SOURCE DATA:
···
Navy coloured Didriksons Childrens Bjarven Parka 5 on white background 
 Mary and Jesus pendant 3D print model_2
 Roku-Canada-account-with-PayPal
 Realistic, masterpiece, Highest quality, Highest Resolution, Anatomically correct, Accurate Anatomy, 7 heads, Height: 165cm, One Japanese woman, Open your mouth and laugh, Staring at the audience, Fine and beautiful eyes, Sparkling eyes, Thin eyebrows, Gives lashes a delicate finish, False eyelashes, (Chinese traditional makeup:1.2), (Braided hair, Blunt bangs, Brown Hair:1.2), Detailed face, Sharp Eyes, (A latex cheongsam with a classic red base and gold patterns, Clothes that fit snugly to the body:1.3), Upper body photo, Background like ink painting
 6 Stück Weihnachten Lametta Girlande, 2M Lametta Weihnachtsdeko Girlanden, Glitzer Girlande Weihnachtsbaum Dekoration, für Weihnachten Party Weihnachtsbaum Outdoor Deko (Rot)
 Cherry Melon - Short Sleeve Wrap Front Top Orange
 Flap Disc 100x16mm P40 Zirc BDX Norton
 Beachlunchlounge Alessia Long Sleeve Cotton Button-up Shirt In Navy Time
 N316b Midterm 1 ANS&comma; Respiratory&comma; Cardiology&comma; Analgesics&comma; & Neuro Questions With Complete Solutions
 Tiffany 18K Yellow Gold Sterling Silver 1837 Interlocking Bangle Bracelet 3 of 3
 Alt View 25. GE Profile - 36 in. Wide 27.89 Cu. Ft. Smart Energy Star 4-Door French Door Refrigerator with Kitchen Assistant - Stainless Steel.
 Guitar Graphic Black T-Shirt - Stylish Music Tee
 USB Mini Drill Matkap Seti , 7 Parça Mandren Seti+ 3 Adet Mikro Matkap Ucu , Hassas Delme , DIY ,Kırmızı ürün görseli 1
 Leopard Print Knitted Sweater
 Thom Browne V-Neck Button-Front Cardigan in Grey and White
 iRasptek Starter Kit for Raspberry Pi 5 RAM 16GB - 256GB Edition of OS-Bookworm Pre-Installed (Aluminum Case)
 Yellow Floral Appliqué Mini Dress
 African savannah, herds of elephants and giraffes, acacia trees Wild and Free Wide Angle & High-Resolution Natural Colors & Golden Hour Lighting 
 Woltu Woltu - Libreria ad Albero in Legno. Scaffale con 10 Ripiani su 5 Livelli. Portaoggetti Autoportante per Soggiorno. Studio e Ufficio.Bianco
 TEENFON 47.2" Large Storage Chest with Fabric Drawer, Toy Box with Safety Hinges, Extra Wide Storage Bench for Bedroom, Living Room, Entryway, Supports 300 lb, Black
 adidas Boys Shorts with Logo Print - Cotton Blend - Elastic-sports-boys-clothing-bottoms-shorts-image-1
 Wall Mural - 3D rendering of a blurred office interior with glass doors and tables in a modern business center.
···
TASK STATEMENT:
Extract from the listing above the lines between the line containing "Alt View 25." and the line containing "Guitar Graphic Black", keeping both of those lines. Output nothing else.

RESPONSE:
 Alt View 25. GE Profile - 36 in. Wide 27.89 Cu. Ft. Smart Energy Star 4-Door French Door Refrigerator with Kitchen Assistant - Stainless Steel.
 Guitar Graphic Black T-Shirt - Stylish Music Tee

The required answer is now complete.